Les procès "sensibles" d’autrefois sont devenus les procès "hors norme" d’aujourd’hui. Certainement un fait de société tenant à la place nouvelle donnée aux victimes dans le procès pénal. Le premier procès de cette nature en France a été celui de Furiani, en 1992. Le nombre des victimes à l’audience y était considérable. Comme l’a été ensuite le nombre des victimes au procès du Mont Sainte-Odile ou du tunnel du Mont-Blanc. Le procès le plus "hors norme" de tous a certainement été celui de l’usine AZF, avec 1.600 victimes à l’audience, constituées parties civiles.

C’est sans doute cet aspect humain, douloureusement humain, qui marque en premier les avocats habitués des grands procès fleuves.

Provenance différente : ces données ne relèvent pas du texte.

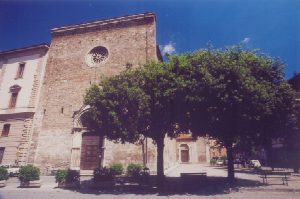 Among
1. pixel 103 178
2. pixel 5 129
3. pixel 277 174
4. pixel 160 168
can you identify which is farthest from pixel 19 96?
pixel 277 174

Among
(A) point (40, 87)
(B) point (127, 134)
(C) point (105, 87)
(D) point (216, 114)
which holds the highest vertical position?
(A) point (40, 87)

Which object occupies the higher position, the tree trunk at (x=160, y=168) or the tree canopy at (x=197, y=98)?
the tree canopy at (x=197, y=98)

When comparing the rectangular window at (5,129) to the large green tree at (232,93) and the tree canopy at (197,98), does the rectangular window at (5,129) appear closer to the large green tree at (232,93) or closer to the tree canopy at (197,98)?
the tree canopy at (197,98)

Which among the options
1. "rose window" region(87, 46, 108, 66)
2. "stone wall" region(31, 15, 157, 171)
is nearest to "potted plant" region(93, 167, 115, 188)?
"stone wall" region(31, 15, 157, 171)

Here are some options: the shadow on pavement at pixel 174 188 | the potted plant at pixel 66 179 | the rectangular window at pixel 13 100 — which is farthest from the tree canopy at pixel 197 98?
the rectangular window at pixel 13 100

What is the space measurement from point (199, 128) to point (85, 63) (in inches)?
551

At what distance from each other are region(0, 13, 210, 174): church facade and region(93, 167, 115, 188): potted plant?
4.74m

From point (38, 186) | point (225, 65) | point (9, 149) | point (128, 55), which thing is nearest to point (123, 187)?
point (38, 186)

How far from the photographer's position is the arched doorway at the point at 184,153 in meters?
46.5

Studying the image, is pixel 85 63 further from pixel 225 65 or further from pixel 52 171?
pixel 225 65

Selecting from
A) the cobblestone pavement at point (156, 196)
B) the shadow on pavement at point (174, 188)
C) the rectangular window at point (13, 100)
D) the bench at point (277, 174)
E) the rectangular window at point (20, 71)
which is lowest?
the cobblestone pavement at point (156, 196)

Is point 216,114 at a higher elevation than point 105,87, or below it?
below

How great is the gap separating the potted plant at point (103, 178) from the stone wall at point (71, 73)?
203 inches

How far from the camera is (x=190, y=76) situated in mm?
12539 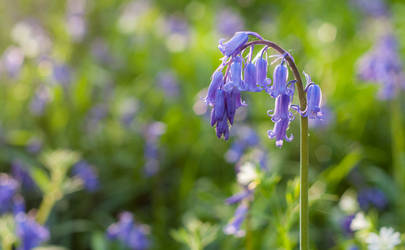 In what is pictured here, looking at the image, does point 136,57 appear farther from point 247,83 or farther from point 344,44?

De ce grand nombre de parties présentes, découlent des modalités particulières d’organisation. Et puis sur la durée, le traitement habituel reprend le dessus : un dossier comme un autre, juste un peu plus long, juste un peu plus lourd.

Prenons le dossier de l’usine AZF, dont Chantal Bonnard a été l’un des avocats. Le procès, qui s’est tenu dans une salle des congrès, réaménagée et déminée tous les matins, n’en était plus un, c’était devenu un colloque.

Est-on serein dans ces cas-là ? Non certainement pas, disent les avocats, parce que tout devient inhabituel et difficile. Ils sont obligés de parler et de plaider dans des micros. Tout est mis en scène dans une salle immense avec des écrans géants. Il y a là quelque chose de très théâtral. Ce ne sont pourtant pas les Assises. Il ne s’agit pas de faire des effets de manches, mais bien de plaider devant des magistrats professionnels sur des questions très techniques, face à un public passionné et en douleur.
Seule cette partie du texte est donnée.